I was interested but on the fence. Seeing how they've handled this debacle has turned me off to any future projects they may have a hand in. I feel like they have no idea whatsoever about running big projects after seeing this clusterfuck of a campaign.
 

panda-zebra

Member
They were *very* transparent - too much so for their own good

There's a difference between being transparent and announcing every new idea that crosses your mind before running it past the hardware guys and thinking through the implications.

the price thing wouldn't have been as big of an issue (since they never would have even mentioned the original $200 goal)

$150 originally. Then possibly $180. Then maybe $200. Then actually $300.

EDIT: According to this podcast, it was originally hoped to be $99 but with a much lower spec.

they wouldn't have had problems with Kevtris (since they wouldn't have tried to come up with ideas to lower the price without that pricing backlash),

It was originally an FPGA console that simulated many systems and allowed homebrewers to come together on the one platform by doing what they always do, only with a much wider audience. They increased the price because of all the other hardware they were throwing at it (that kevtris attempted to dissuade them from) as they attempted to make it into a device that could allow for ports of modern pixelated indie "retro" games.

and they would probably have been on Kickstarter (since they wouldn't have revealed so much to get people talking about a potential lack of prototype).

It wasn't people talking that made them go indiegogo, it was a member of this forum demonstrating that he knew more about the requirements for ks campaigns than those intending to gain $2m+ from one.

they probably don't know exactly what's going into it because they felt they had to drop the price at the last second.

Which is when they left kevtris out in the cold and, as Mike put it, he "threw them under the bus" by detailing how that went down.
 
I don't think it would have. All of the drama and bullshit is sort of masking the fact that a $300-400 console with very little promise by way of support
They announced 10 launch titles, that's decent support for a launch, especially considering with a successful Kickstarter they would have gotten more.

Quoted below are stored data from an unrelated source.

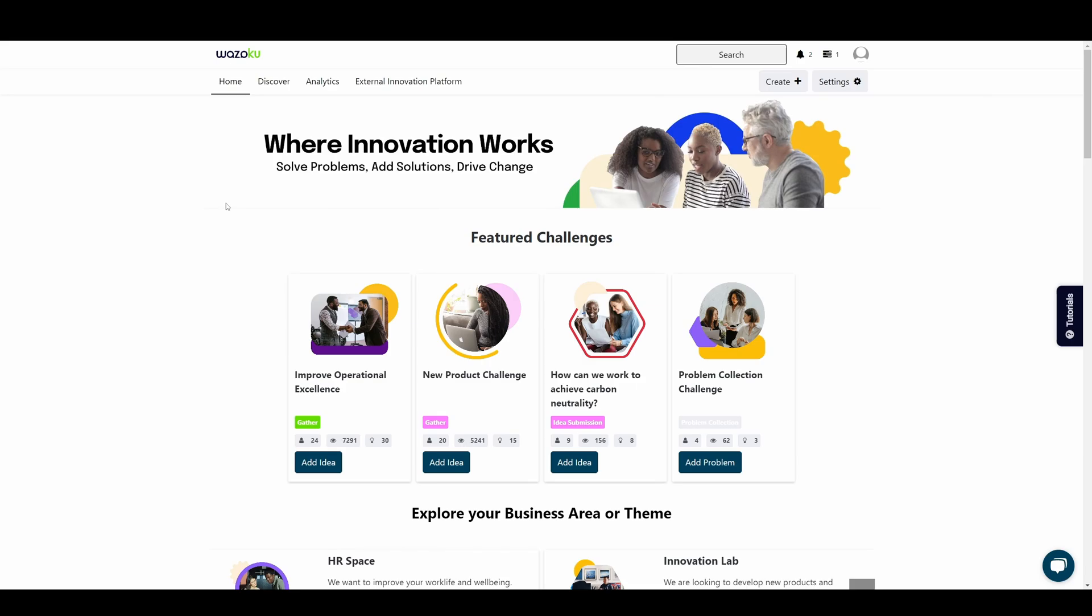Hi there, I'm Conor from Wuzoku. In this video, we're going to get to know the Wuzoku platform interface so you can begin to get comfortable navigating the platform.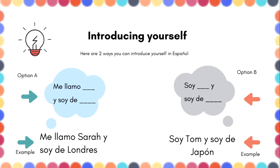Now, there are two ways you can introduce yourself in Spanish, or en Español. Option A: as you can see, it says 'me llamo' — in the space you add your name. Me llamo, add your name. For example: me llamo Cefania y soy de, then a space where you add the country you are from or the city. Me llamo, followed by your name, y soy de, followed by your country or city.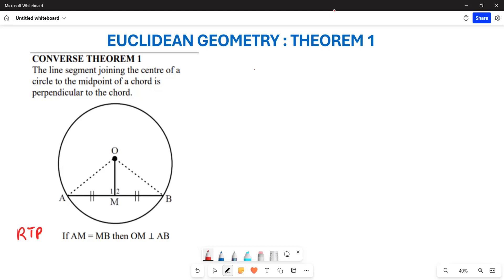It's Mr. Chattel here, welcome to Back to Basics. We want to look at the converse of Theorem 1. Remember that Theorem 1 states that a line from the center perpendicular to the chord bisects the chord. The converse states that a line from the center joining to the midpoint of the chord is going to be perpendicular to the chord. Basically, we want to prove that OM is perpendicular to AB.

It was originally an FPGA console that simulated many systems and allowed homebrewers to come together on the one platform by doing what they always do, only with a much wider audience. They increased the price because of all the other hardware they were throwing at it (that kevtris attempted to dissuade them from) as they attempted to make it into a device that could allow for ports of modern pixelated indie "retro" games.
When was "originally" in your mind? Because the first I heard of this 6 months or so ago, it was going to have an ARM chip in it. Up until the price drop, there were no major hardware changes in the last few months. Maybe back in 2014 it would have been an FPGA-only system, dunno.
 

panda-zebra

Member
When was "originally" in your mind? Because the first I heard of this 6 months or so ago, it was going to have an ARM chip in it. Up until the price drop, there were no major hardware changes in the last few months. Maybe back in 2014 it would have been an FPGA-only system, dunno.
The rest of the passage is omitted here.